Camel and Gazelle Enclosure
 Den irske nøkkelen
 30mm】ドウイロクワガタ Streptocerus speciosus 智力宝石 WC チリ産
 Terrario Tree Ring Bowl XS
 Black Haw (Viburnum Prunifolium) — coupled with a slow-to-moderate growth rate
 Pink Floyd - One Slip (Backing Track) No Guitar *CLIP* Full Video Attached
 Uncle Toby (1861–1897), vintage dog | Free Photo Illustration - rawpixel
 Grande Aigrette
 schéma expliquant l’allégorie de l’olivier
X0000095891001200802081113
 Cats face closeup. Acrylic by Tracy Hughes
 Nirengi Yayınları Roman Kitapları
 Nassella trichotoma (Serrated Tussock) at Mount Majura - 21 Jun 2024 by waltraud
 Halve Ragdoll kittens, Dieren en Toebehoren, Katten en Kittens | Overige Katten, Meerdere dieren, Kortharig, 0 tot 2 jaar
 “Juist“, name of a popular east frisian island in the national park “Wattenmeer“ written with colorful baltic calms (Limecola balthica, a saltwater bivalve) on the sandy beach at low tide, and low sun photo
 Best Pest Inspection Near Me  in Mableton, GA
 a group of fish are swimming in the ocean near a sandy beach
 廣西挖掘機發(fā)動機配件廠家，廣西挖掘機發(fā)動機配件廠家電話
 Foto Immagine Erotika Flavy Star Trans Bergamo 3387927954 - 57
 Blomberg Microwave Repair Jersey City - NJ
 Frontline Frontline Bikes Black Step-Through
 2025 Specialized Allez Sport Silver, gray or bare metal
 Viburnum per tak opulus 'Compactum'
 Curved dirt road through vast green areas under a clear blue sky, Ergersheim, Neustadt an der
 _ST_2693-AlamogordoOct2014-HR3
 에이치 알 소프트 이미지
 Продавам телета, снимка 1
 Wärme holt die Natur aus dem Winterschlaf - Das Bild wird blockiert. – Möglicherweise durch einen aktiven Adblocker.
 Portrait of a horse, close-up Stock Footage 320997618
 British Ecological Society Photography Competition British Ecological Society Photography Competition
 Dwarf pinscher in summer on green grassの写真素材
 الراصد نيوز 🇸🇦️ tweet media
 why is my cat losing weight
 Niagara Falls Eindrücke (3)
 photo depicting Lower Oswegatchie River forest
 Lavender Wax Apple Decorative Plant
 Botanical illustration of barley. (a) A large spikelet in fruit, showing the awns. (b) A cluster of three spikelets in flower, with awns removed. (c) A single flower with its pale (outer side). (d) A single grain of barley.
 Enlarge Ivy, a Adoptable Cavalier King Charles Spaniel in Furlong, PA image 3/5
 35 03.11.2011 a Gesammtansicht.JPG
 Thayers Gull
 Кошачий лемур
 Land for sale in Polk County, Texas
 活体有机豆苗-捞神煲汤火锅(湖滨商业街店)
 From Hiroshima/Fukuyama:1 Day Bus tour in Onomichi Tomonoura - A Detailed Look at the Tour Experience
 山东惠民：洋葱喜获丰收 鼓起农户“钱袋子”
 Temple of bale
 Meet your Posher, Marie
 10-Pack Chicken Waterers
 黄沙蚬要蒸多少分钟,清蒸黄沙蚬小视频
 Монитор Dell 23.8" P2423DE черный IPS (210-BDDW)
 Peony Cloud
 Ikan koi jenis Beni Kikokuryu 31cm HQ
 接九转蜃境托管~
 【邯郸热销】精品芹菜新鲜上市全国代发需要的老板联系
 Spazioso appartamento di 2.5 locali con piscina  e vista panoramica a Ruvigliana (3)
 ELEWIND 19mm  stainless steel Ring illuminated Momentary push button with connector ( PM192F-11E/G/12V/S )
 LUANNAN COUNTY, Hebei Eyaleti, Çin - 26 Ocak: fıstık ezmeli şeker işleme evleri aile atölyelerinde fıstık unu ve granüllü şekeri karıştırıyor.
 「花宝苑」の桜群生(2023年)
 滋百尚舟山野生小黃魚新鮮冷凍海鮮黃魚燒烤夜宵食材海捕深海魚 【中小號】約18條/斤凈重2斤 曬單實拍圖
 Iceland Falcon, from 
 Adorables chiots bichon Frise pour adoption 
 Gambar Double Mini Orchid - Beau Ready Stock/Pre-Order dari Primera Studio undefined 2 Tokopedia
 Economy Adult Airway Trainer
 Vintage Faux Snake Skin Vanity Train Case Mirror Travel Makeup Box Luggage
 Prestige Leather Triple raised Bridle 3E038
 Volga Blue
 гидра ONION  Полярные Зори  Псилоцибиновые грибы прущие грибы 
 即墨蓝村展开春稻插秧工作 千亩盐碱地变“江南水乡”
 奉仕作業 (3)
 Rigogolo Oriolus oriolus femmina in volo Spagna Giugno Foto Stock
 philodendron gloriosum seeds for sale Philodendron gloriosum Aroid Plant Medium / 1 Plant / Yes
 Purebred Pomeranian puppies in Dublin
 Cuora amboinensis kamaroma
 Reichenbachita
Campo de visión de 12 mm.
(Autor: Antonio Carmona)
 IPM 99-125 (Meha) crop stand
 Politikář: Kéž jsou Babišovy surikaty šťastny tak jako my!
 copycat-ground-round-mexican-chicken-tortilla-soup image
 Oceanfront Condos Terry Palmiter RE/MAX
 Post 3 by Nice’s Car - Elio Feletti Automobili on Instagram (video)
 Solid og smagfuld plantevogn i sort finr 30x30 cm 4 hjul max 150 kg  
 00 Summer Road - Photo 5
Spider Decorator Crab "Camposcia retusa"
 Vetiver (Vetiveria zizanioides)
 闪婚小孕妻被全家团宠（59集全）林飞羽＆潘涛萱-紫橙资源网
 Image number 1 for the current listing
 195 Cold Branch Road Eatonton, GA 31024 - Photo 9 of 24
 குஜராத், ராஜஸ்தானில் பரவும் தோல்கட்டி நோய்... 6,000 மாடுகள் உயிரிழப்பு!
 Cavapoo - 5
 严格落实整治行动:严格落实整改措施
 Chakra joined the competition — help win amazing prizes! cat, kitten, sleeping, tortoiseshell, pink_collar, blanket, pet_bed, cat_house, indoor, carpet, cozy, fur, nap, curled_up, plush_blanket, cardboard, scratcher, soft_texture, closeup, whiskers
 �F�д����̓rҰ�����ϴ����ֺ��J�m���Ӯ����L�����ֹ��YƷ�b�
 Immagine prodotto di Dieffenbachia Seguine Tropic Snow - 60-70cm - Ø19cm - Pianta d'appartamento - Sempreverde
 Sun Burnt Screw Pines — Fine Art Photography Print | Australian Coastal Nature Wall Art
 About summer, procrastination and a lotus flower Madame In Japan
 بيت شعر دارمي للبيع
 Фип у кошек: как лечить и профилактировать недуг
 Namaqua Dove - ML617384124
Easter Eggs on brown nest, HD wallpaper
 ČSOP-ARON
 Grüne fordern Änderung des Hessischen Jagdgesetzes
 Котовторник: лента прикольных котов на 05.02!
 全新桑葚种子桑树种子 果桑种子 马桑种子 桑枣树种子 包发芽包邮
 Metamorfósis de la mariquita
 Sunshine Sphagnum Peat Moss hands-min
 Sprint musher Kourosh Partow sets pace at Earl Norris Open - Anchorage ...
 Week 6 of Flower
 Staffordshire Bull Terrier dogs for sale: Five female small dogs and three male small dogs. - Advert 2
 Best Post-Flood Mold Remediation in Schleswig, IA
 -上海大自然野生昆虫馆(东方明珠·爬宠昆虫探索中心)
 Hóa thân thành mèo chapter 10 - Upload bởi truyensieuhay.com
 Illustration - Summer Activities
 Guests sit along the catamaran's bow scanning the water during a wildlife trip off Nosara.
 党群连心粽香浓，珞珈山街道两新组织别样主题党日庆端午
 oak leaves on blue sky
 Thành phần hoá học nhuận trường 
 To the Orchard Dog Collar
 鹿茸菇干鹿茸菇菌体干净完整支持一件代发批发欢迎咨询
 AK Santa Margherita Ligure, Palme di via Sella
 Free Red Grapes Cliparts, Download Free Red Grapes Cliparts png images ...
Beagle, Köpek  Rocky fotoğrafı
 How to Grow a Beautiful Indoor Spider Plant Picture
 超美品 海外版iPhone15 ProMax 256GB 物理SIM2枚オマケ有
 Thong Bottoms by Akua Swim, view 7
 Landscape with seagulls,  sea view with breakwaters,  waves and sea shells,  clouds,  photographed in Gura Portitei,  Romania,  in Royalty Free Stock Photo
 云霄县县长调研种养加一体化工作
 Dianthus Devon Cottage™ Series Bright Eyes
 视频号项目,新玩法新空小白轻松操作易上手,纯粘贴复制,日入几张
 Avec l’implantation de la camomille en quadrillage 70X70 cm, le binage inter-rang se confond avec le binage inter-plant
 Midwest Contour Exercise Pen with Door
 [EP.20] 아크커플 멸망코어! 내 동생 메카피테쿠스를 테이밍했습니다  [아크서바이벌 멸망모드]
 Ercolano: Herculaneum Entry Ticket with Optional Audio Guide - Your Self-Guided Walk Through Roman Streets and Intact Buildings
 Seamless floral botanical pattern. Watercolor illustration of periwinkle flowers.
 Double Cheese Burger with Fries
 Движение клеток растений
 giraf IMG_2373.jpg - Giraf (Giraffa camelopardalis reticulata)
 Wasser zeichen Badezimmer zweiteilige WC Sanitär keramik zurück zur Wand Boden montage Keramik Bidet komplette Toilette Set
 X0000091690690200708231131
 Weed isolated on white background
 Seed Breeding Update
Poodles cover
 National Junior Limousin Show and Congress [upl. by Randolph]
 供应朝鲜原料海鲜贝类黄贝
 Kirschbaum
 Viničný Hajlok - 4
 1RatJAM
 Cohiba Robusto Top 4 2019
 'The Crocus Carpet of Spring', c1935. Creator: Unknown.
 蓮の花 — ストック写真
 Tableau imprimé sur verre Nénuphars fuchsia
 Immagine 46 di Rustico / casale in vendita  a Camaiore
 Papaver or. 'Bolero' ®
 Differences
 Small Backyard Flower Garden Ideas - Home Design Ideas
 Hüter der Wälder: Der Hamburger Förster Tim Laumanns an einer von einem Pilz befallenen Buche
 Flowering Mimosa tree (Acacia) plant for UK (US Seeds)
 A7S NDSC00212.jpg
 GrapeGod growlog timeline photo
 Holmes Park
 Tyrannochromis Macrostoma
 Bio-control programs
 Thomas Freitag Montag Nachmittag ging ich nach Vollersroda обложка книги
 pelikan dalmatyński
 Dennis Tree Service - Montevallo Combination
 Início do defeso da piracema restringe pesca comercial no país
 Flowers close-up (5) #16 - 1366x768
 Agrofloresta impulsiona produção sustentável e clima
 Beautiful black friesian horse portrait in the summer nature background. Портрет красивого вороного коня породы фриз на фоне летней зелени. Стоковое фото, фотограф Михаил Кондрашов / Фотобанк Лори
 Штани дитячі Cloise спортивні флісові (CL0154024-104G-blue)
————
● **Work task**
Considering only the material above, set down every line from the one with "грибы прущие грибы" to the one with "严格落实整治行动:严格落实整改措施", inclusive, exactly as written.

● **Answer for the task**
 гидра ONION  Полярные Зори  Псилоцибиновые грибы прущие грибы 
 即墨蓝村展开春稻插秧工作 千亩盐碱地变“江南水乡”
 奉仕作業 (3)
 Rigogolo Oriolus oriolus femmina in volo Spagna Giugno Foto Stock
 philodendron gloriosum seeds for sale Philodendron gloriosum Aroid Plant Medium / 1 Plant / Yes
 Purebred Pomeranian puppies in Dublin
 Cuora amboinensis kamaroma
 Reichenbachita
Campo de visión de 12 mm.
(Autor: Antonio Carmona)
 IPM 99-125 (Meha) crop stand
 Politikář: Kéž jsou Babišovy surikaty šťastny tak jako my!
 copycat-ground-round-mexican-chicken-tortilla-soup image
 Oceanfront Condos Terry Palmiter RE/MAX
 Post 3 by Nice’s Car - Elio Feletti Automobili on Instagram (video)
 Solid og smagfuld plantevogn i sort finr 30x30 cm 4 hjul max 150 kg  
 00 Summer Road - Photo 5
Spider Decorator Crab "Camposcia retusa"
 Vetiver (Vetiveria zizanioides)
 闪婚小孕妻被全家团宠（59集全）林飞羽＆潘涛萱-紫橙资源网
 Image number 1 for the current listing
 195 Cold Branch Road Eatonton, GA 31024 - Photo 9 of 24
 குஜராத், ராஜஸ்தானில் பரவும் தோல்கட்டி நோய்... 6,000 மாடுகள் உயிரிழப்பு!
 Cavapoo - 5
 严格落实整治行动:严格落实整改措施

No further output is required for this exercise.